The 2014 NBA Draft will be a historic one for Canadian basketball, with as many as seven players from Canada - three of them as high as the first round - possibly selected. In the days leading up to the draft, TSN.ca and TSN Radio basketball analyst Duane Watson looks at some of the names that will be headlining the event. Watch the 2014 NBA Draft on TSN, Thursday at 7pm et/4pm pt.
Name: Tyler Ennis
From: Brampton, Ontario
Played: Syracuse University
Position: Point Guard
2013-2014 Stats: 12.9 points, 5.5 assists, 2.1 steals
Breakout Game: 14 points, 9 assists in win vs. Duke Feb 1st.

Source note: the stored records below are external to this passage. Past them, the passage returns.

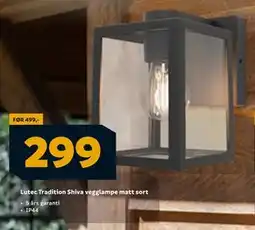Megaflis Lutec Tradition Shiva vegglampe matt sort, NOK 299 tilbud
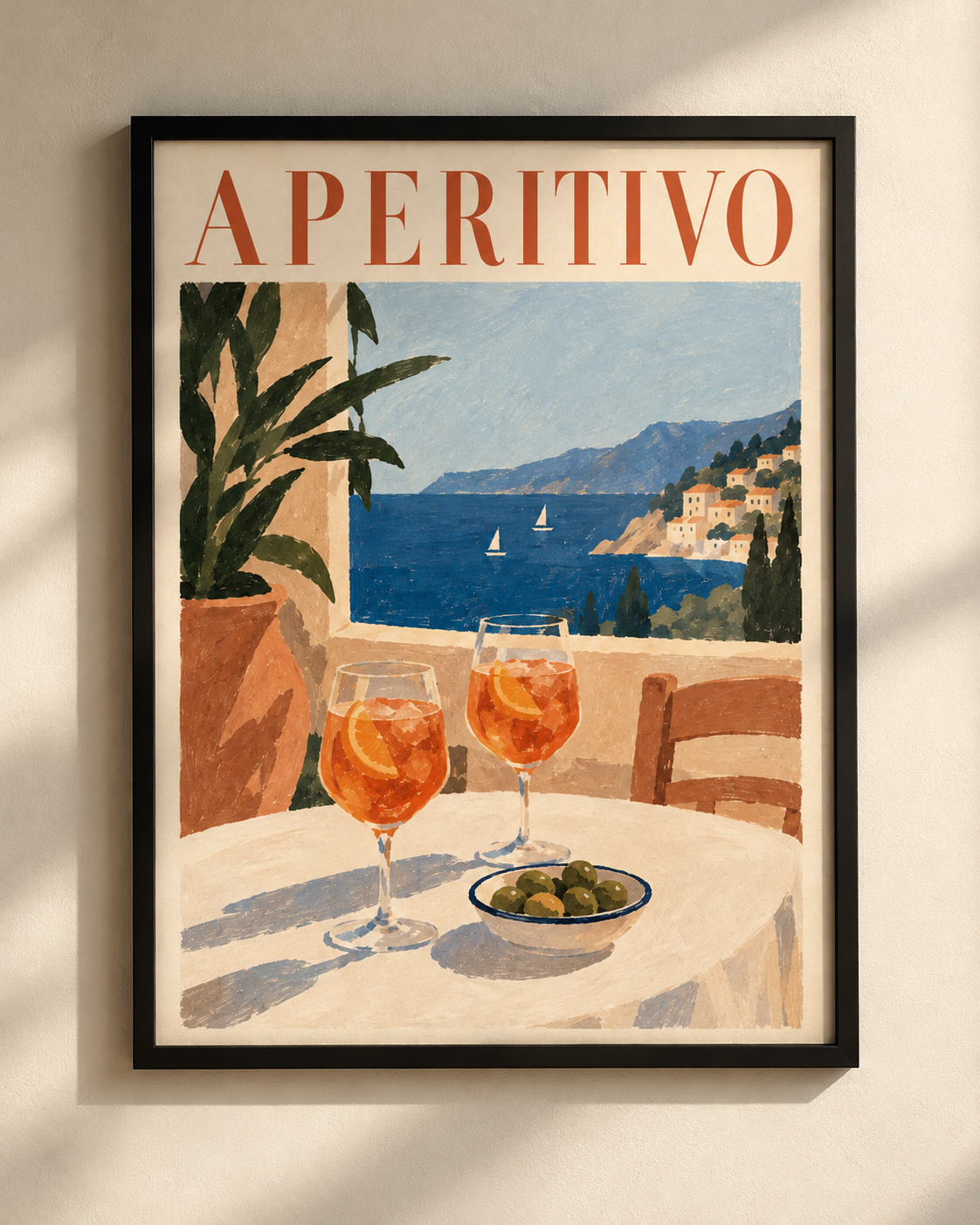 Aperitivo II Mediterranean framed poster by NEX, showing two orange aperitivo drinks on a terrace overlooking a coastal village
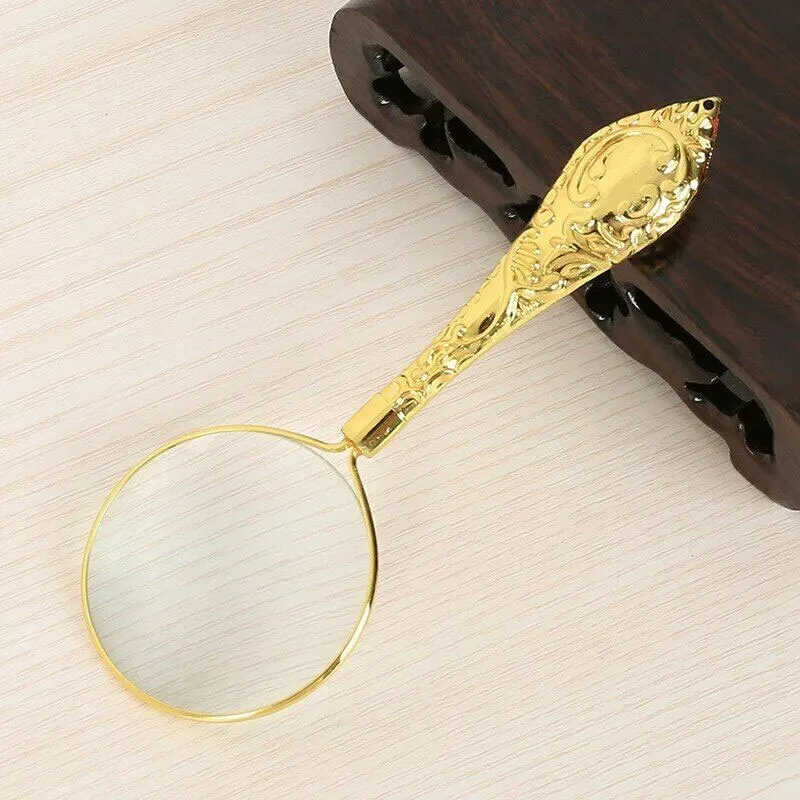 2pcs 5x Handheld Magnifier European Delicate Pattern Handle Retro Glass Lens High-Grade Embossed Handle Reading Magnifying Glass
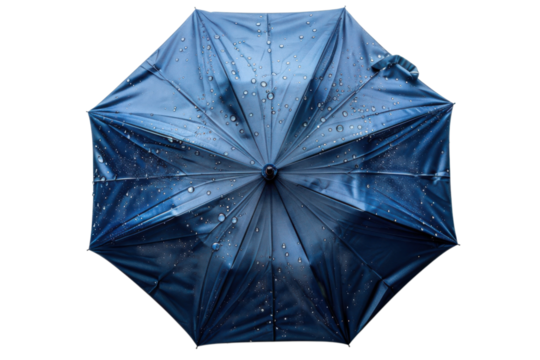 Blue umbrella with raindrops provides protection from the rain on a wet day during inclement weather on transparent background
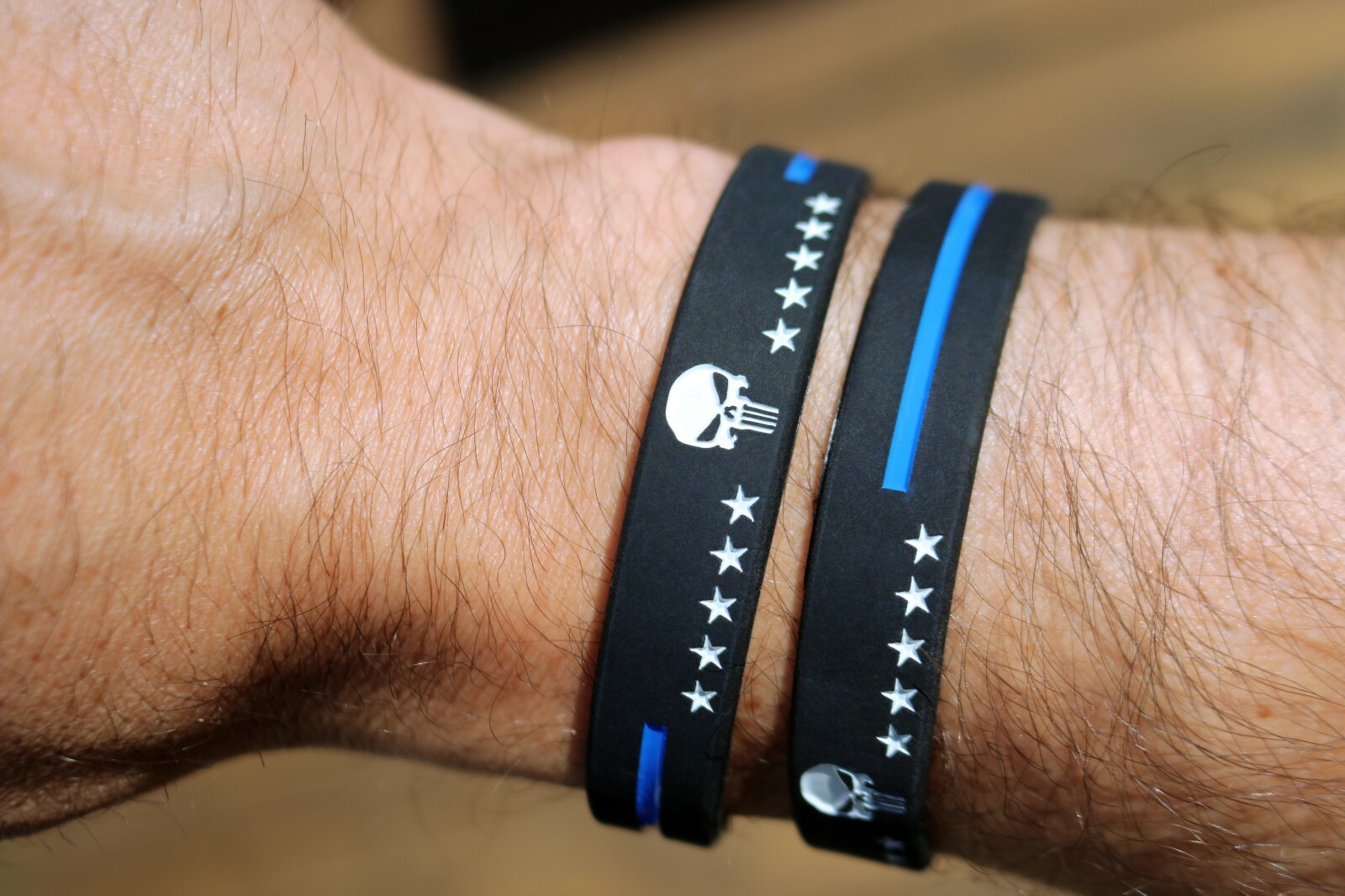 Thin Blue Line Silicone Bracelet Punisher with Stars Wristband Police Support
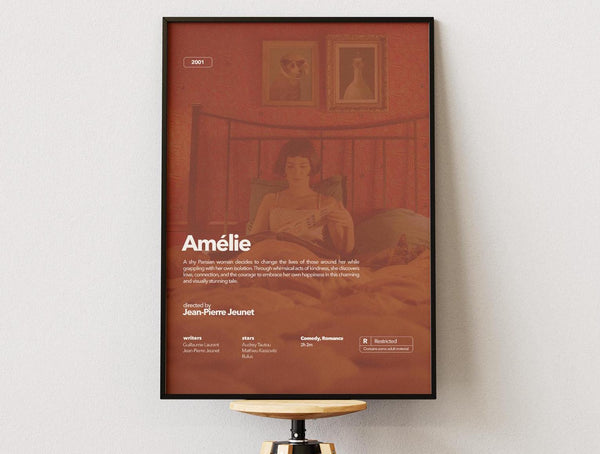 Amelie Poster, Colored Movie Print, Vintage Poster, Retro Poster, Vintage Poster, Audrey Tautou, Gift for Her, Jean-Pierre Jeunet 1877468767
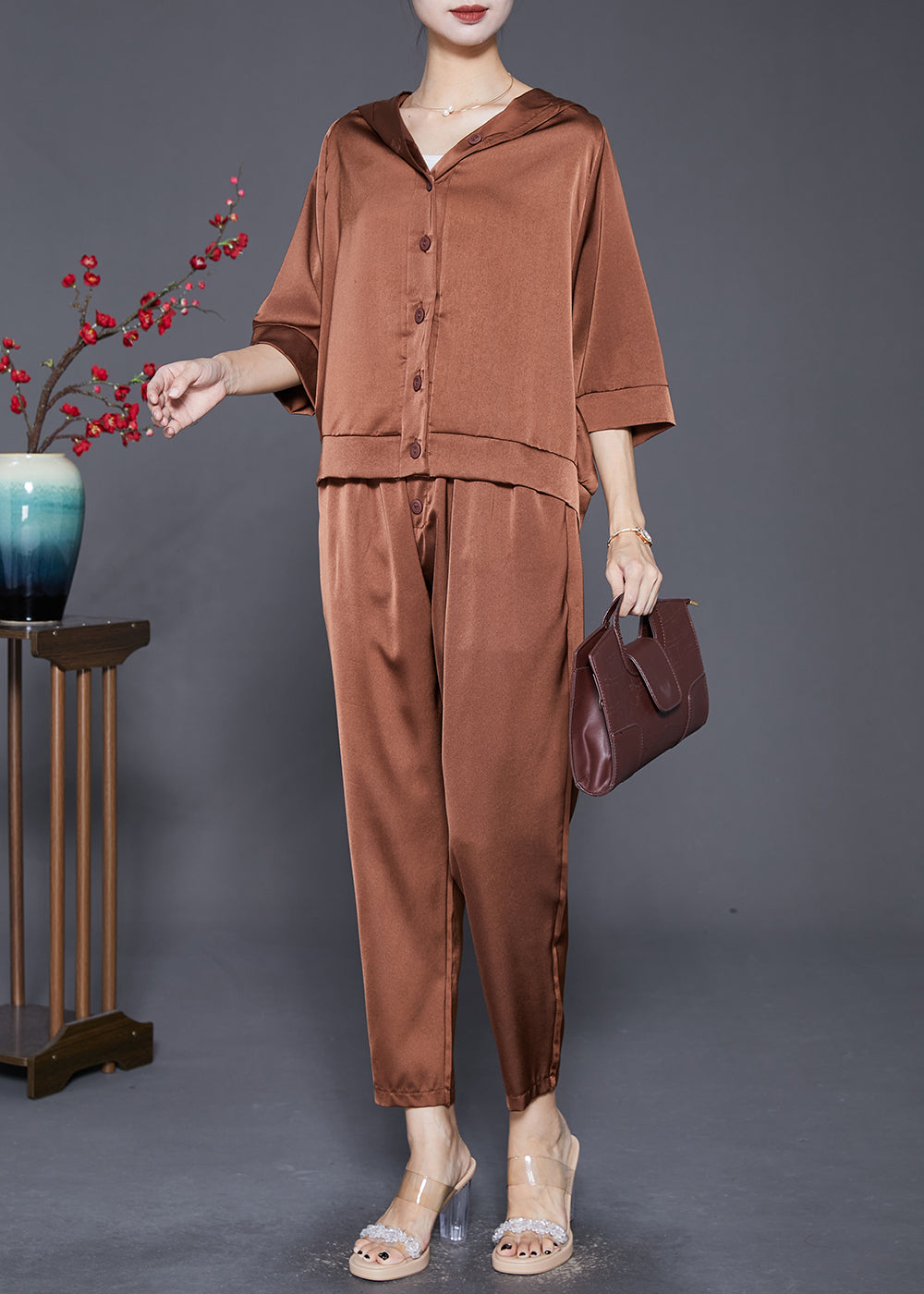 Classy Brown Hooded Button Down Silk Two Pieces Set Fall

Accolades: 2013 - '14 All-ACC Defensive team, Second team All-ACC, finished amongst 10 finalists for Naismith Player of the Year voting.
Draft Projection: Mid-late first round.
Comparable NBA player: Jrue Holiday
While all attention was focused on the impact Andrew Wiggins would make in his first season as a one-and-done player, Tyler Ennis quietly and confidently did the same.
Maturity and poise are two things consistently said about Ennis, and with good reason. As a freshman the 6'2 Brampton, Ontario native expertly and efficiently lead the Orange to a 28-6 record and a No. 1 ranking in the country.
The only person who wasn't surprised by Ennis' breakout season was Ennis. It wasn't a case of over confidence, but merely confidence. His assuredness in his abilities and talents is what kept him cool in late game situations, where he able to make clutch plays or scoring game-winning baskets.
A point guard in every sense of the term, he looks for his teammates first and creates opportunities for them - yet is still able to find his own shot when necessary, keeping defenses honest.
For a 19-year-old, he plays a very cerebral game. Taking care of the basketball, he averaged a miserly 1.7 turnovers, reads the floor very well and knows when to pass or make the play himself. Ennis doesn't shy away from the moment, and has a quick enough first step to get to the basket and possess a reliable jumper with good range. He is a legitimate triple threat with a competitive spirit.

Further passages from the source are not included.